> What this task involves
Look through the records below for the line holding "Lio Round Foyer Branch Teardrop Chandelier". Write it out exactly, with each following line through the line holding "Fiat 500 Abarth".

> Dataset extract
Segment Open
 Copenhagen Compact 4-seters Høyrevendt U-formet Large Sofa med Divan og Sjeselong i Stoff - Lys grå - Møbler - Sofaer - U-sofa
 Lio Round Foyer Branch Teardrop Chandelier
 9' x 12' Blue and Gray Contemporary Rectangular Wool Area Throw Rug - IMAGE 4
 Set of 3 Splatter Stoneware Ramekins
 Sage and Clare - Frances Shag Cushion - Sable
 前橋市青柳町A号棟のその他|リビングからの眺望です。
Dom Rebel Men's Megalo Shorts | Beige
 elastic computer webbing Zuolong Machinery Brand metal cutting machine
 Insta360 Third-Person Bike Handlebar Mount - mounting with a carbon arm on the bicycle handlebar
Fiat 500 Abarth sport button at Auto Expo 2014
Segment Closed
Segment Open
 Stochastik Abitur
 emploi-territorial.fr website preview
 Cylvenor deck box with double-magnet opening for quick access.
Segment Closed
> The completed task
 Lio Round Foyer Branch Teardrop Chandelier
 9' x 12' Blue and Gray Contemporary Rectangular Wool Area Throw Rug - IMAGE 4
 Set of 3 Splatter Stoneware Ramekins
 Sage and Clare - Frances Shag Cushion - Sable
 前橋市青柳町A号棟のその他|リビングからの眺望です。
Dom Rebel Men's Megalo Shorts | Beige
 elastic computer webbing Zuolong Machinery Brand metal cutting machine
 Insta360 Third-Person Bike Handlebar Mount - mounting with a carbon arm on the bicycle handlebar
Fiat 500 Abarth sport button at Auto Expo 2014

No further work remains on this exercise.